Si uno lee algunos diarios digitales (de derechas) puede sobresaltarse con la interpretación que están haciendo de la nueva ley de libertad religiosa que impulsará el Gobierno de Zapatero. Frases como “el acorralamiento de lo católico”, o “la guerra contra el crucifijo” y textos escritos e interpretados en clave bélica aportan poquísimas ideas al debate y por supuesto nada de análisis. Qué lastima, porque nos estamos renunciando a un debate interesantísimo. Porque definir qué tipo de Estado queremos, qué tipo de laicismo deseamos, qué relaciones entre Estado e Iglesia se perpetuarán debería interesarnos (y mucho).

El Gobierno de Zapatero ha decidido retrasar la nueva ley hasta después de la visita del Papa a España prevista para noviembre, esta norma no supondrá una ruptura con la Iglesia Católica ni mucho menos. La ruptura llegaría si realmente se eliminaran los privilegios históricos que mantiene la Iglesia -sobre todo si se modificara su financiación-. Esa sí sería una separación más drástica entre Estado y confesiones. Pero eso salpicaría muchas otras cuestiones difíciles de replantear, cómo el papel de la iglesia en la educación española, los servicios sanitarios, los servicios sociales, por poner un ejemplo.

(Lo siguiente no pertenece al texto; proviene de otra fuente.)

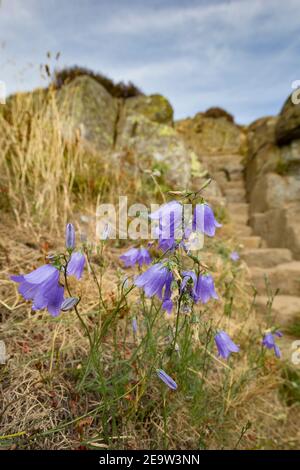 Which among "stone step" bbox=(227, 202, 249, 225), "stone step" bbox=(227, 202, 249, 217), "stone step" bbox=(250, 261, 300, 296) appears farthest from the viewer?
"stone step" bbox=(227, 202, 249, 217)

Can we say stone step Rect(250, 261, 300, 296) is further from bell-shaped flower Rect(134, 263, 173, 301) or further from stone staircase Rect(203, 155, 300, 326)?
bell-shaped flower Rect(134, 263, 173, 301)

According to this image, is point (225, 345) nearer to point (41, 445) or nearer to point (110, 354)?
point (110, 354)

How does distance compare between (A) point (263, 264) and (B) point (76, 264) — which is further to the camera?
(A) point (263, 264)

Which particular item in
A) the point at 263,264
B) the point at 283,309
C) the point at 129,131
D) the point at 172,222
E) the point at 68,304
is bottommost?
the point at 283,309

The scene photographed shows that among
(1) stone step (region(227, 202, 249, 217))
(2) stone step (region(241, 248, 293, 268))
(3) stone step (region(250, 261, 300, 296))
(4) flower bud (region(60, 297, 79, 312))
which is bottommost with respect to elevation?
(3) stone step (region(250, 261, 300, 296))

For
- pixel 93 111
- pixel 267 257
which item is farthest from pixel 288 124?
pixel 93 111

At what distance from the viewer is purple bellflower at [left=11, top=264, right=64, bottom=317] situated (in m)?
0.88

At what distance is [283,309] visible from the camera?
9.93 feet

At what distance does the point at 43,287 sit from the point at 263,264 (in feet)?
11.5

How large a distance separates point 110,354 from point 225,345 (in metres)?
0.53

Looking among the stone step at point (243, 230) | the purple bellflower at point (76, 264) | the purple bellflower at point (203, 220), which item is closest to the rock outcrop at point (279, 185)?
the stone step at point (243, 230)

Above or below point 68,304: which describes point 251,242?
below

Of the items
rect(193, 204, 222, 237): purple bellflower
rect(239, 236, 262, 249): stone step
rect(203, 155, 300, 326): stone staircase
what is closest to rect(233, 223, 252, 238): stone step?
rect(203, 155, 300, 326): stone staircase

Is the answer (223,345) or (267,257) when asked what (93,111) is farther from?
(223,345) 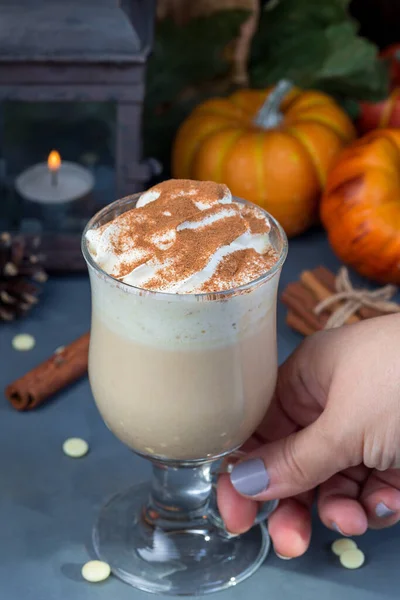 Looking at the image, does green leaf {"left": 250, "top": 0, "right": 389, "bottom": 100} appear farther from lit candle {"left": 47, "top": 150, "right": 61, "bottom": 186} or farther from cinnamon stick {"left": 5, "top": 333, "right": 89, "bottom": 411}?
cinnamon stick {"left": 5, "top": 333, "right": 89, "bottom": 411}

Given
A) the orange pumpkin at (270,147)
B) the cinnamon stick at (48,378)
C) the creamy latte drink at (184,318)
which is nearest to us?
the creamy latte drink at (184,318)

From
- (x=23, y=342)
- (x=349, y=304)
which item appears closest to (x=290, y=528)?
(x=349, y=304)

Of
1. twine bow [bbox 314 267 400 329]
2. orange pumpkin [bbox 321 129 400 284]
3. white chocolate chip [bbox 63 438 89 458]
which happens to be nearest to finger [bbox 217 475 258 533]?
white chocolate chip [bbox 63 438 89 458]

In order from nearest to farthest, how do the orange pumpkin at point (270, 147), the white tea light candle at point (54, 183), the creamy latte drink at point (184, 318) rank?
the creamy latte drink at point (184, 318) → the white tea light candle at point (54, 183) → the orange pumpkin at point (270, 147)

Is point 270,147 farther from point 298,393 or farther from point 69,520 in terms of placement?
point 69,520

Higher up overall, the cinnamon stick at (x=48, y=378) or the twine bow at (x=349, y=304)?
the twine bow at (x=349, y=304)

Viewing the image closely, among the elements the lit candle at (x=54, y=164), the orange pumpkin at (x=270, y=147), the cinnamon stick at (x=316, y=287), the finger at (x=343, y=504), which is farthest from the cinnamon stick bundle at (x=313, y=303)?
the lit candle at (x=54, y=164)

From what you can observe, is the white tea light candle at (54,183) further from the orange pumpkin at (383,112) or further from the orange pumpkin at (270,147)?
the orange pumpkin at (383,112)

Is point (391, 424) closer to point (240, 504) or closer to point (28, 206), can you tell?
point (240, 504) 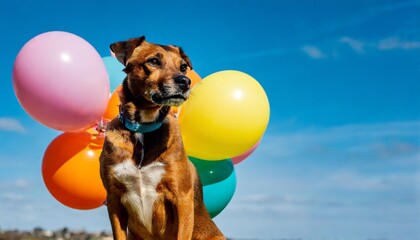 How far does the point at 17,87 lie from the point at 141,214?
91.3 inches

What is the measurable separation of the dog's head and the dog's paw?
435 mm

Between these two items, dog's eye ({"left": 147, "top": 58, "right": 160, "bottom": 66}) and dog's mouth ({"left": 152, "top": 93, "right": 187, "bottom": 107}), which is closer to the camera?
dog's mouth ({"left": 152, "top": 93, "right": 187, "bottom": 107})

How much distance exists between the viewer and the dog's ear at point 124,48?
368cm

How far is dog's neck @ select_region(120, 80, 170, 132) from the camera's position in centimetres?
357

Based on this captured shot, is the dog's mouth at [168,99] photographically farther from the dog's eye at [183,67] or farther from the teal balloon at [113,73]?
the teal balloon at [113,73]

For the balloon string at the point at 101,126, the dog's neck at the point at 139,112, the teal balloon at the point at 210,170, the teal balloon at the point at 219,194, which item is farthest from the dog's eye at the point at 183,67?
the teal balloon at the point at 219,194

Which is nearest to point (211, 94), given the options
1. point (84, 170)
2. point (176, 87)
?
point (84, 170)

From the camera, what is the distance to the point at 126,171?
3508 millimetres

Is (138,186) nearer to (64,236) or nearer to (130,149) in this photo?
(130,149)

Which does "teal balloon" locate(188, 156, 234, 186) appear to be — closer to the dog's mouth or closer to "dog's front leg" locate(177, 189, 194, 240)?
"dog's front leg" locate(177, 189, 194, 240)

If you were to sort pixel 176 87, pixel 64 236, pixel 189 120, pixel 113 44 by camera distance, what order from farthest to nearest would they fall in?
pixel 64 236 < pixel 189 120 < pixel 113 44 < pixel 176 87

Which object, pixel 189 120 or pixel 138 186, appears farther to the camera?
pixel 189 120

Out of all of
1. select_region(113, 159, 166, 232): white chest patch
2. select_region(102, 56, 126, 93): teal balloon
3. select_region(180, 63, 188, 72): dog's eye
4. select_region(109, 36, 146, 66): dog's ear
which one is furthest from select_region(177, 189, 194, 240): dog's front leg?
select_region(102, 56, 126, 93): teal balloon

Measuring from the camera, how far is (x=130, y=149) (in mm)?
3539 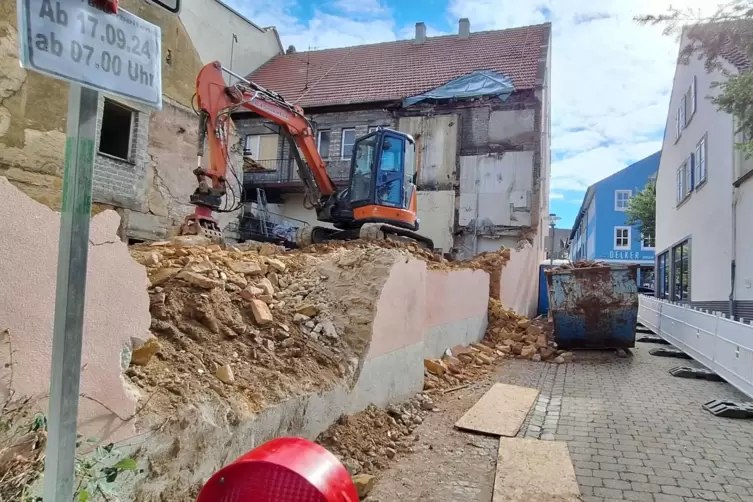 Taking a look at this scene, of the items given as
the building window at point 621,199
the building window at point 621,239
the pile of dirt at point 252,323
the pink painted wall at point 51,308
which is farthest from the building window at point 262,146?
the building window at point 621,199

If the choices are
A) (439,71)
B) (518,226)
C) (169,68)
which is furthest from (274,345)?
(439,71)

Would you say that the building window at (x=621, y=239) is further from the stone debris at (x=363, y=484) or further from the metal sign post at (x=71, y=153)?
the metal sign post at (x=71, y=153)

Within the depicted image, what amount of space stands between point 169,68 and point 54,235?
500 inches

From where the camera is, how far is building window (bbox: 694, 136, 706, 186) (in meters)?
15.7

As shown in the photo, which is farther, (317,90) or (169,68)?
(317,90)

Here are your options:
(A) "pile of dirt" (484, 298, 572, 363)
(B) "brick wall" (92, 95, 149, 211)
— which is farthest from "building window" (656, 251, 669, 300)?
(B) "brick wall" (92, 95, 149, 211)

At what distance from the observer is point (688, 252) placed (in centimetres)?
1753

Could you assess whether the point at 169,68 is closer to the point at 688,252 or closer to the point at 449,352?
the point at 449,352

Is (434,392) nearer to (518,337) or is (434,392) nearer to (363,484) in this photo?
(363,484)

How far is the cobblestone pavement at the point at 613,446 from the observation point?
426cm

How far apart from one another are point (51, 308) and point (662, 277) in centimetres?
2380

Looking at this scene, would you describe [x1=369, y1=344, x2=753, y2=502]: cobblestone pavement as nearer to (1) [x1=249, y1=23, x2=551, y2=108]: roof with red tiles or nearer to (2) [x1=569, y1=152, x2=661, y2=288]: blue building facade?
(1) [x1=249, y1=23, x2=551, y2=108]: roof with red tiles

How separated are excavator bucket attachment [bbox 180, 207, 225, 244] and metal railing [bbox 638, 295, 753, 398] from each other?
26.5ft

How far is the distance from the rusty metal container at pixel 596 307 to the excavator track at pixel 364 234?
332 cm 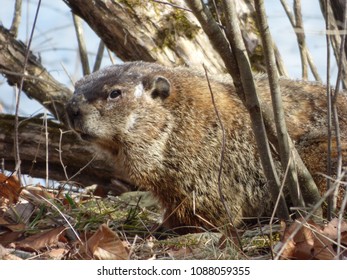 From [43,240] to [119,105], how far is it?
47.5 inches

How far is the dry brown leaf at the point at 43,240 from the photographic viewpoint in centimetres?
414

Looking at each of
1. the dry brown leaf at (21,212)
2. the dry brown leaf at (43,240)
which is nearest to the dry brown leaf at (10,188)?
the dry brown leaf at (21,212)

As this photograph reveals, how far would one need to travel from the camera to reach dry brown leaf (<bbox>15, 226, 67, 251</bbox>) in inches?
163

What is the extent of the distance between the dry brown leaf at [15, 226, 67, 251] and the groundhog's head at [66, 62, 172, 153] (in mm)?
816

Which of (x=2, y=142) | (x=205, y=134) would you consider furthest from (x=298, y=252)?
(x=2, y=142)

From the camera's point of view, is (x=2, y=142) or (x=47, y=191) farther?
(x=2, y=142)

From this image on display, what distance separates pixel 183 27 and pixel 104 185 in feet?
5.54

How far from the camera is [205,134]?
4992 mm

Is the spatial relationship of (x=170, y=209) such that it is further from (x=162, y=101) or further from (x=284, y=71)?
(x=284, y=71)

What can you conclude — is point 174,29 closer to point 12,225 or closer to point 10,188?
point 10,188

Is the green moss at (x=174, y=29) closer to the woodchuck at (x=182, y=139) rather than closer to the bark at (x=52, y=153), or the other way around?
the bark at (x=52, y=153)

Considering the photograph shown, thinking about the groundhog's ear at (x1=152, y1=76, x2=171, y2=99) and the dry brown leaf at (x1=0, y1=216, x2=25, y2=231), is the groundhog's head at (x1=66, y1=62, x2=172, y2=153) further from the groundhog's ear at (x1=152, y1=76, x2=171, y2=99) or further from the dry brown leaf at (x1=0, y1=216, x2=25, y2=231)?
the dry brown leaf at (x1=0, y1=216, x2=25, y2=231)

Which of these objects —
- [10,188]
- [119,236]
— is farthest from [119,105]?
[10,188]

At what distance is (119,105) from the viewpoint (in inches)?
196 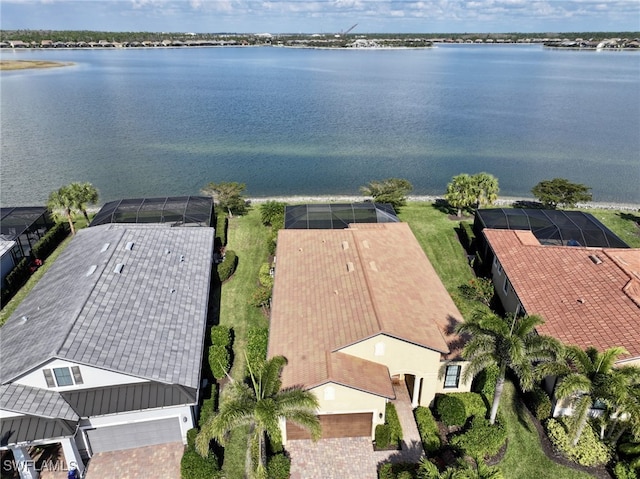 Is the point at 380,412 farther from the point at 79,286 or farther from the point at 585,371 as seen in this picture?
the point at 79,286


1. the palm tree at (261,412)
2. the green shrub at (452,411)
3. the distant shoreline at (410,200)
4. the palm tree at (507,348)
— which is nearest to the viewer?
the palm tree at (261,412)

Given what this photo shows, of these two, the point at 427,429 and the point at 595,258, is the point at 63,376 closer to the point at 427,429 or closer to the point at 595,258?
the point at 427,429

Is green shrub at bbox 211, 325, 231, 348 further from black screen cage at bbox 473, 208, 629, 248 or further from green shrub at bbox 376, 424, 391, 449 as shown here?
black screen cage at bbox 473, 208, 629, 248

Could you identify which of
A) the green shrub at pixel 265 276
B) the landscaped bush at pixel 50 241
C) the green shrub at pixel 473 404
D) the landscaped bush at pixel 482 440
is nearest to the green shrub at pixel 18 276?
the landscaped bush at pixel 50 241

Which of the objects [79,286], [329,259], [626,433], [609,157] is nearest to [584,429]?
[626,433]

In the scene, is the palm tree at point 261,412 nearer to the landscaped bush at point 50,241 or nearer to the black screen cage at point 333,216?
the black screen cage at point 333,216

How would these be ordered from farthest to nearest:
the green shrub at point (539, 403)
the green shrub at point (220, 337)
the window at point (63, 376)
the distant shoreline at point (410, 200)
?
the distant shoreline at point (410, 200) → the green shrub at point (220, 337) → the green shrub at point (539, 403) → the window at point (63, 376)

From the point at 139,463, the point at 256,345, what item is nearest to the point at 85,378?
Result: the point at 139,463

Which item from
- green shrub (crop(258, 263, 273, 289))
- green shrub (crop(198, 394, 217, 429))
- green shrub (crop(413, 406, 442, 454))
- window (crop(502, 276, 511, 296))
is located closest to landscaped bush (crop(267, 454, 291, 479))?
green shrub (crop(198, 394, 217, 429)) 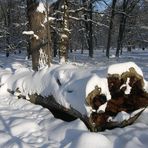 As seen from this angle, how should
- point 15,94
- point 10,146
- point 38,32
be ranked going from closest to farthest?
point 10,146, point 15,94, point 38,32

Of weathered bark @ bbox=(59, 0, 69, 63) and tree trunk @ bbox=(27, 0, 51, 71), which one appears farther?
weathered bark @ bbox=(59, 0, 69, 63)

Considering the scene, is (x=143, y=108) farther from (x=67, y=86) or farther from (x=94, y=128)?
(x=67, y=86)

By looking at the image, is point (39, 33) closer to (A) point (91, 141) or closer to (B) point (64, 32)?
(B) point (64, 32)

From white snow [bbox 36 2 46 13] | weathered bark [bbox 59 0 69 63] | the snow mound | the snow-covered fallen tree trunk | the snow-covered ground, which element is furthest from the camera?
weathered bark [bbox 59 0 69 63]

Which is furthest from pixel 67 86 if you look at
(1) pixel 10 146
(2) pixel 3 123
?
(1) pixel 10 146

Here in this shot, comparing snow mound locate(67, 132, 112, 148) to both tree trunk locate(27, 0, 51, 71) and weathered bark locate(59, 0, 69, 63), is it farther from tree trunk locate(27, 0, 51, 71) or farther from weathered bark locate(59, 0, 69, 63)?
weathered bark locate(59, 0, 69, 63)

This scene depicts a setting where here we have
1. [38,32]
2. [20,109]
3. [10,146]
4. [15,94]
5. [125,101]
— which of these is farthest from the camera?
[38,32]

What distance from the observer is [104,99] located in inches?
285

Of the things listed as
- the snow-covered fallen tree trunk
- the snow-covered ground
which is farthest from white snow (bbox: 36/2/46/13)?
the snow-covered fallen tree trunk

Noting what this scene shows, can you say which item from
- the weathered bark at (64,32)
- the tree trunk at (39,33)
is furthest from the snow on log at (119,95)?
the weathered bark at (64,32)

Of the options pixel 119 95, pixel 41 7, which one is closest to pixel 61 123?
pixel 119 95

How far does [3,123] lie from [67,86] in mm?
1575

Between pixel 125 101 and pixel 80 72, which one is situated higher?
pixel 80 72

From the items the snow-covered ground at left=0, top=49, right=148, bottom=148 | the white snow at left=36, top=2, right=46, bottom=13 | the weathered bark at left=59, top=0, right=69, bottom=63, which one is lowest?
the snow-covered ground at left=0, top=49, right=148, bottom=148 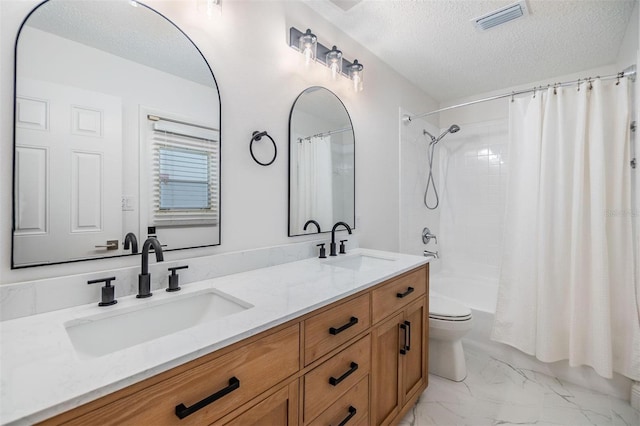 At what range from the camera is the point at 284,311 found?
0.88 metres

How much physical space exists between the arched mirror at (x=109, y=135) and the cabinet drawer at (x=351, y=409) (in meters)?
0.81

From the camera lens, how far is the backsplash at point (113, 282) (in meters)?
0.83

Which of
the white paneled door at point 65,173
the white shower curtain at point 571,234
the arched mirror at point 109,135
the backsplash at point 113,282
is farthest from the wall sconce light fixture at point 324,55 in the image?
the white shower curtain at point 571,234

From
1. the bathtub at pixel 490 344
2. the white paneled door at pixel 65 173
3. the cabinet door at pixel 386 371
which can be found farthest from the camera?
the bathtub at pixel 490 344

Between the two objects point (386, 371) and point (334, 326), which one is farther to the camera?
point (386, 371)

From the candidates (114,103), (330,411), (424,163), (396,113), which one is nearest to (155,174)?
(114,103)

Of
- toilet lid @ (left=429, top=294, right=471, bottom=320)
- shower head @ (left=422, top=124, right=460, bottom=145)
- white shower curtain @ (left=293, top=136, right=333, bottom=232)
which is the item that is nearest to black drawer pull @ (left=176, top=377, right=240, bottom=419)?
white shower curtain @ (left=293, top=136, right=333, bottom=232)

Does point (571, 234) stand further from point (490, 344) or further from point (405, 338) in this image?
point (405, 338)

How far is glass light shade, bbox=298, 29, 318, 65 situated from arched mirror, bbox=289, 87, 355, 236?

La idea del Gobierno no es romper con lo católico, es profundizar en un Estado un poquito más laico donde se respete la libertad religiosa de los individuos, sean católicos, musulmanes, ortodoxos o evangelistas… Un Estado en el que no haya ministros que juren ante la Biblia, en el que el hospital reserve espacios para la ciencia no para la fe, donde haya desfiles religiosos sin tricornios. Sería de agradecer una separación mayor de la que conseguirá la ley y antes de llegar a ello ojalá tuviéramos debates mucho más profundos. Debates en los que recuperemos las opiniones de algunas de las mentes más lúcidas, como la de José Saramago: “La cuestión del laicismo no pasa, por tanto, de una primera escaramuza. La auténtica confrontación llegará cuando finalmente se enfrenten creencia y no creencia, yendo ésta última a la lucha con su verdadero nombre: ateísmo. Lo demás son juegos de palabras.